Online music a leading driver.

Consumer spending for online content is up 14 percent from $1.6 billion in 2003 to $1.8 billion in 2004. Entertainment/lifestyles was the fastest growing content category, according to a year-end study conducted by the Online Publishers Association (OPA) and comScore Networks.

The online personals/dating category remained in the number one slot among leading content categories at $469.5 million, a four percent increase over 2003.

In contrast, entertainment/lifestyles, a category which includes digital music and multimedia sites, nearly doubled over the year, from $217.6 million in 2003 to $413.5 million in 2004. Buoyed by 90 percent year-over-year growth, entertainment/lifestyles supplanted the business/investment sector as the second-ranked paid content category. (Business/investment posted a 6.3 percent decline last year to $312.9 million, one of only three categories that dropped in 2004.)

The next two fastest growing online content categories were sports (including fantasy sports) and games.
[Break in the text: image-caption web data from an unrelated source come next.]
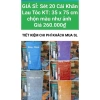 Giá Sỉ 20 Set Khăn Lau Đa Năng Kẹp 5 Cái - Chất Dày, Siêu Thấm Nước, Giá 244k 4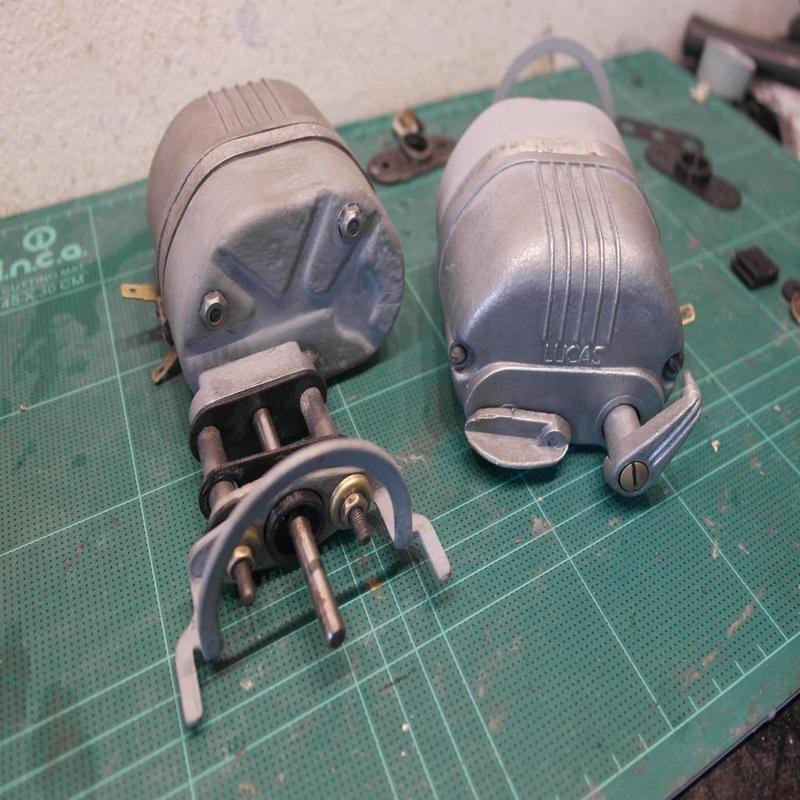 Land Rover Series I & II Lucas Wipers Gasket Kit 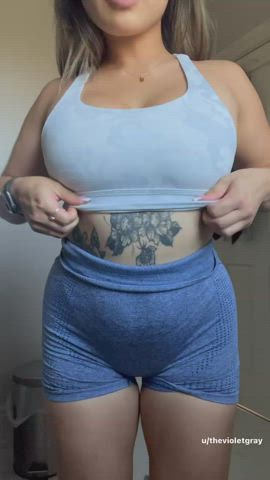 Do you like gym girls?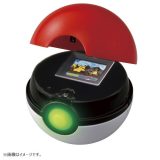 【12月19日まで!!先着限定500円OFFクーポン】ポケットモンスター ポケモン バトルでゲット！モンスターボール 液晶トイ ピカチュウ 電子玩具 投げる プレゼント ギフト 最新 人気 おもちゃ こども 子供 4歳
Both have an entertainment component and posted double-digit growth, notes Michael Zimbalist, the OPA's president.

"There's a trend playing out," Zimbalist said. "We're seeing the evolution of the Internet from an information resource into a medium used for entertainment and fun."
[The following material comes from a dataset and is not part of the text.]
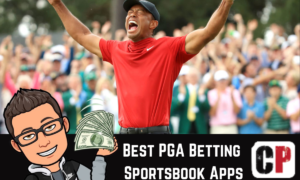 Best PGA Betting Sportsbook Apps
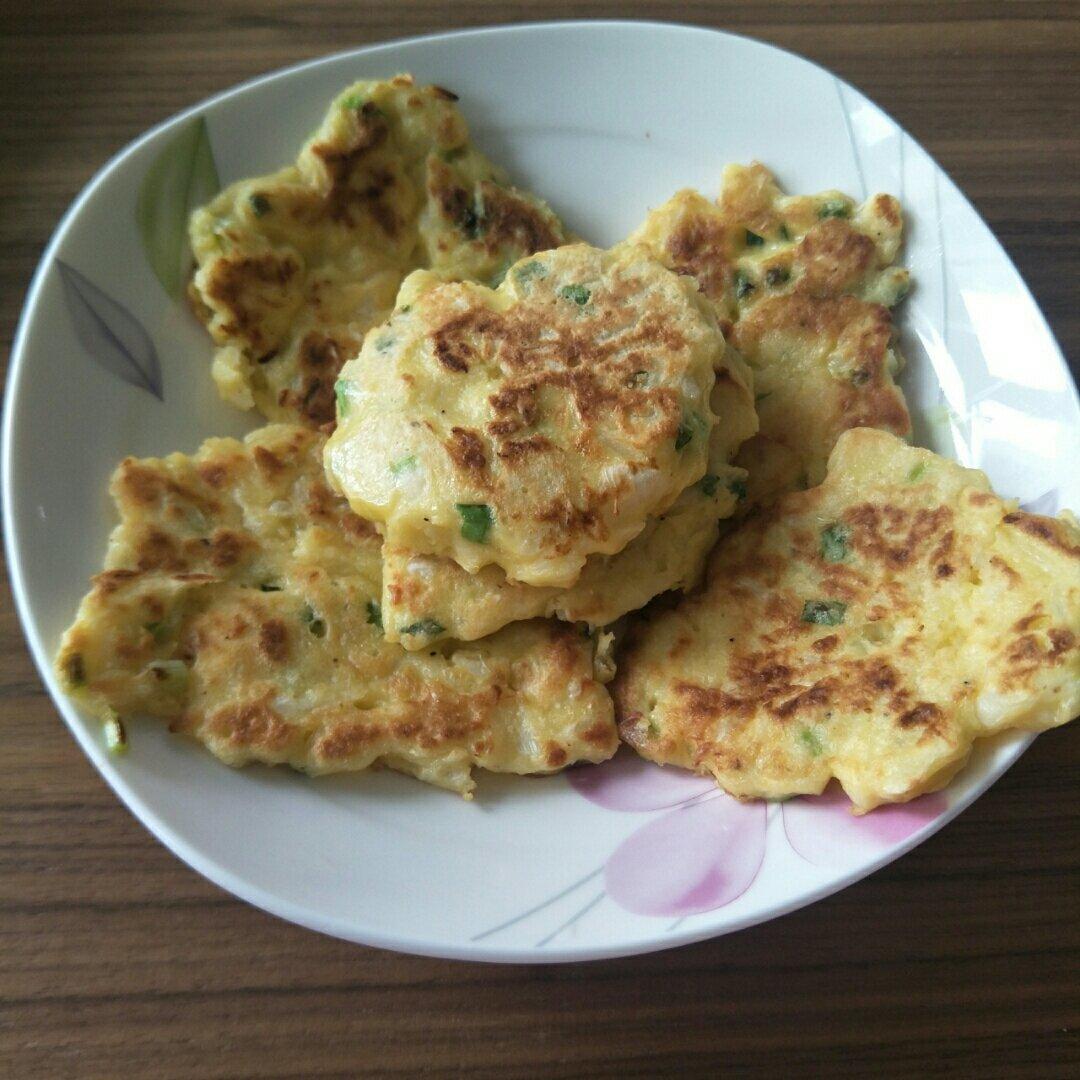萝卜丝饼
While the report doesn't detail growth of entertainment/lifestyle subcategories, Zimbalist said the maturation of online music was a key drive of growth in the category.

"2004 was the year when legitimate online music services came into their own," he said. "My gut tells me this growth happened because of Napster coming back and the surge in iTunes and other online music services last year."

For Q4 2004, online content consumer spending reached an all-time high of $472 million, the eighth consecutive quarterly increase.

The study doesn't measure spending on adult, gambling, or illegal drug-related sites; software purchases; "get-rich-quick" schemes; ISPs; electronic faxing; Web-based email applications; or subscription games played through a non-browser interface.